Records from a dataset:
#####

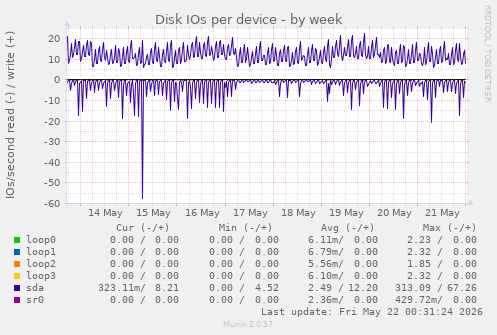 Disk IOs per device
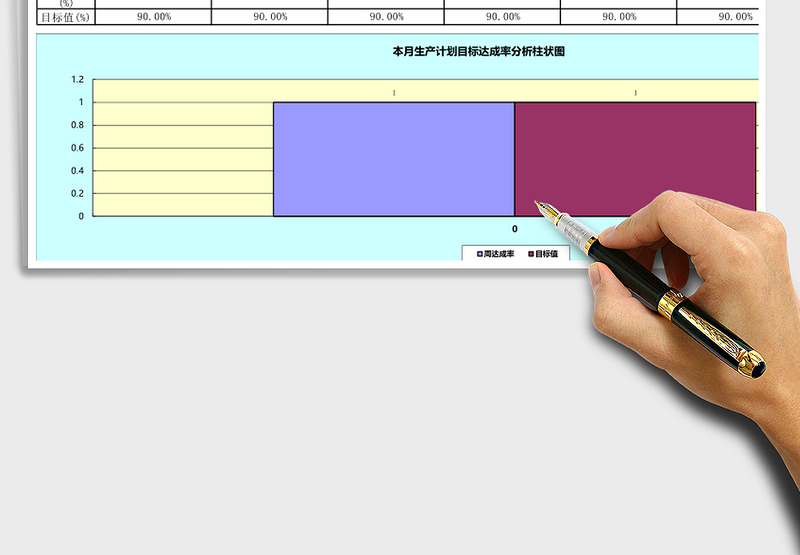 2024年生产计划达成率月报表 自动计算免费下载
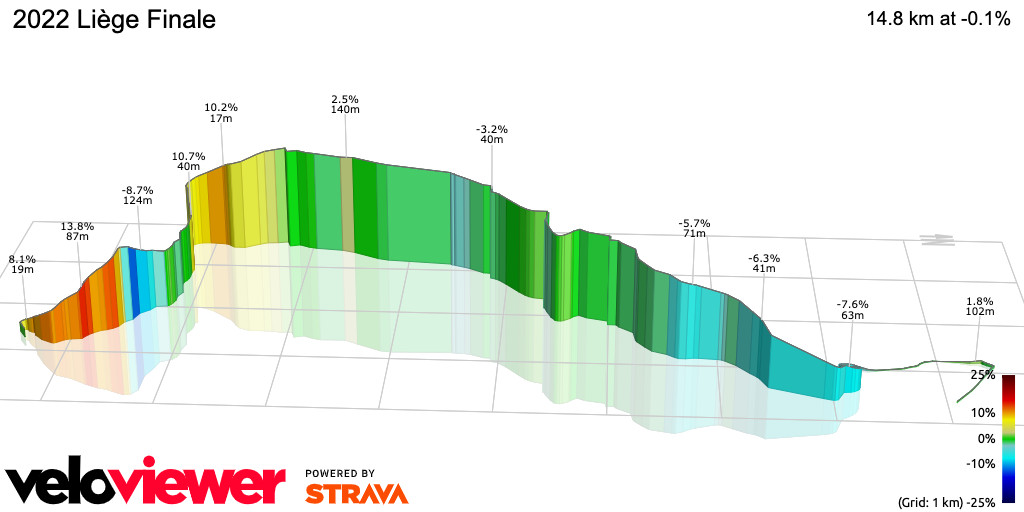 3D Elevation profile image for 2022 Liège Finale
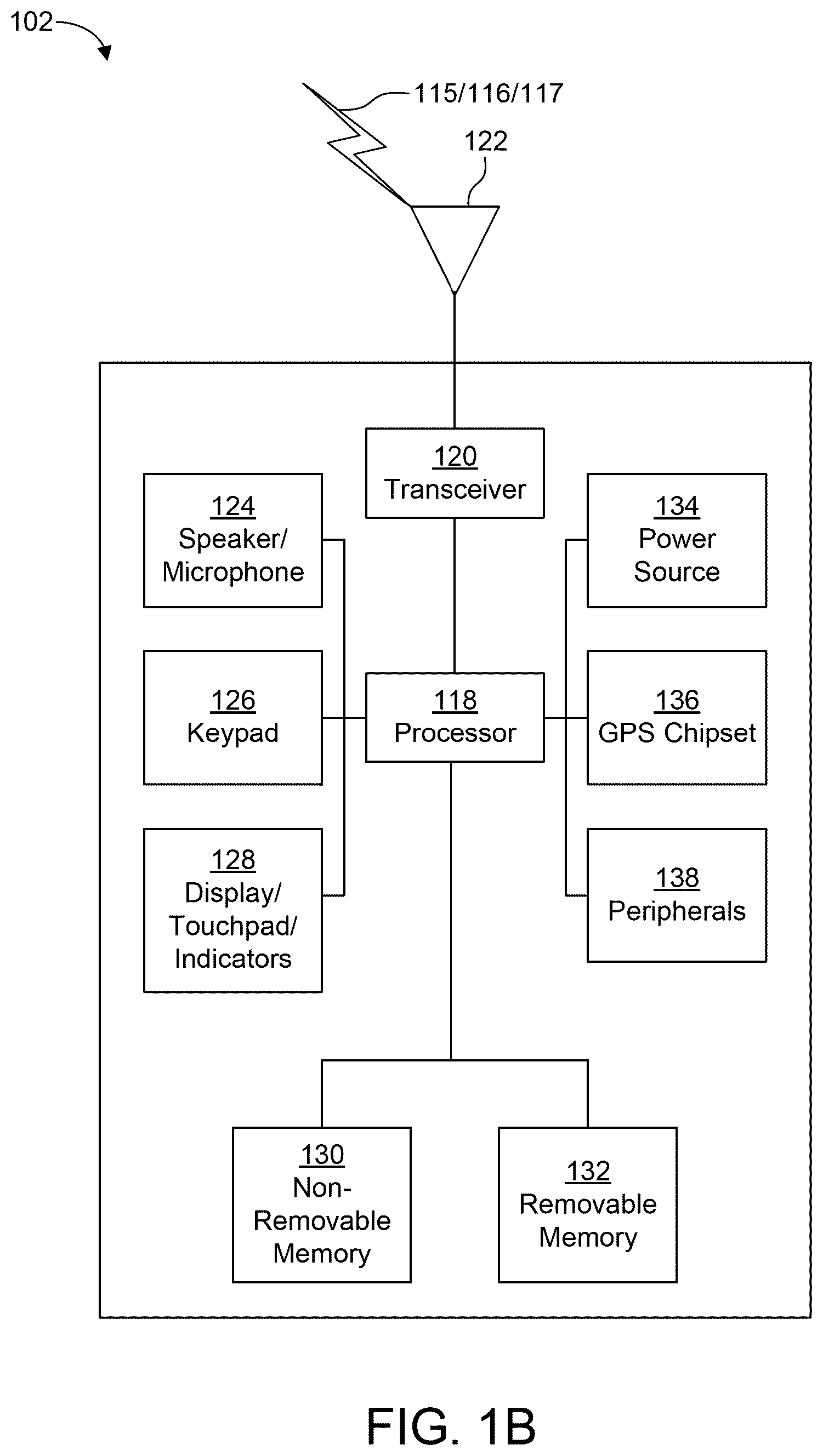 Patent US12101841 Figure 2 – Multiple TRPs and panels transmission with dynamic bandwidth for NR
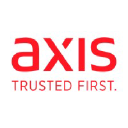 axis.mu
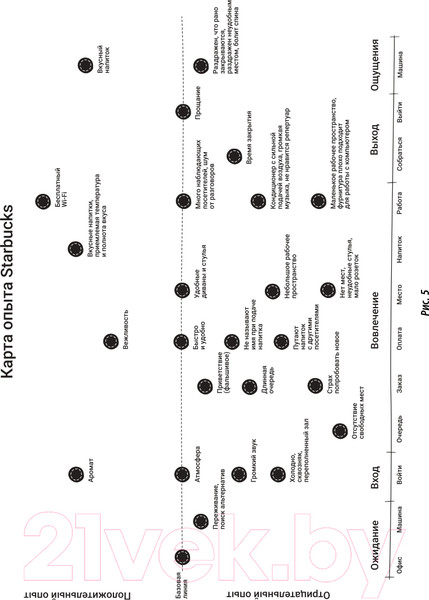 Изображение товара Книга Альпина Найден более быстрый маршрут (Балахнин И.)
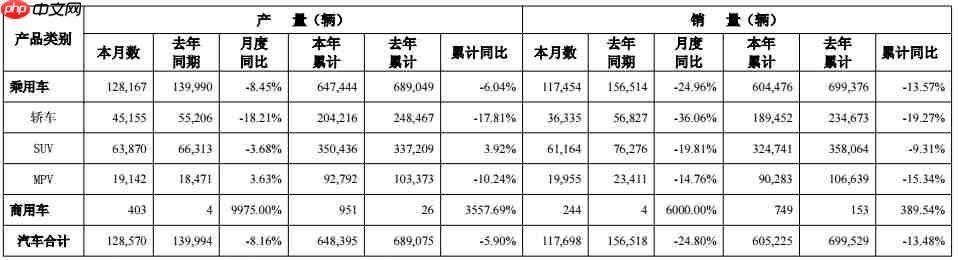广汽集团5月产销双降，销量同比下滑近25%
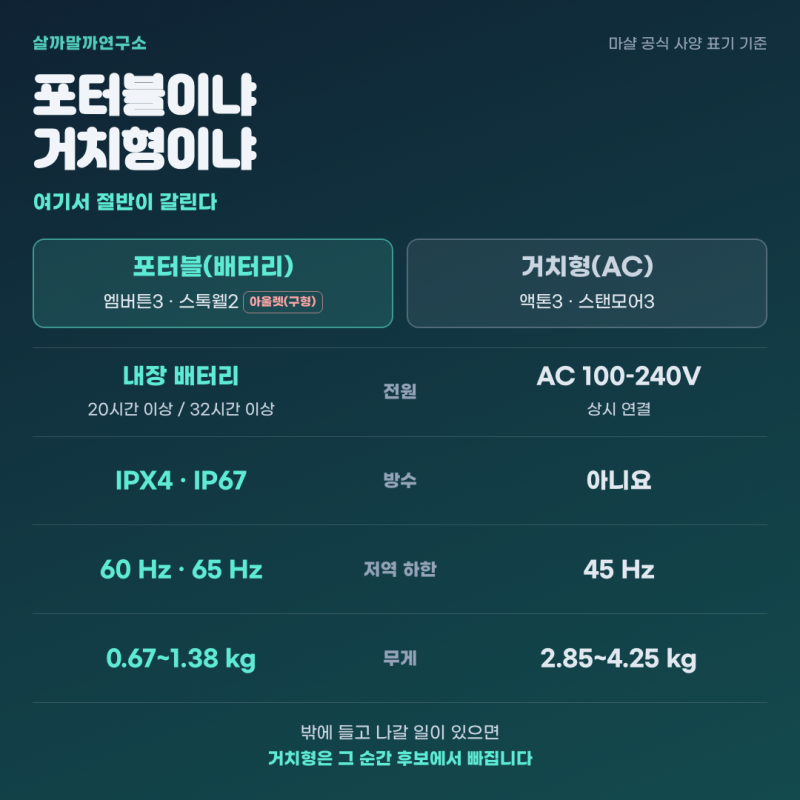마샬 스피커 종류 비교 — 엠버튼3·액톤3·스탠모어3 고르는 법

#####

Give back, word for word, the lines from the line that contains "Patent US12101841 Figure" through the last line of the records, with no pictures and nothing else.

*ANSWER BOX*:
 Patent US12101841 Figure 2 – Multiple TRPs and panels transmission with dynamic bandwidth for NR
 axis.mu
 Изображение товара Книга Альпина Найден более быстрый маршрут (Балахнин И.)
广汽集团5月产销双降，销量同比下滑近25%
마샬 스피커 종류 비교 — 엠버튼3·액톤3·스탠모어3 고르는 법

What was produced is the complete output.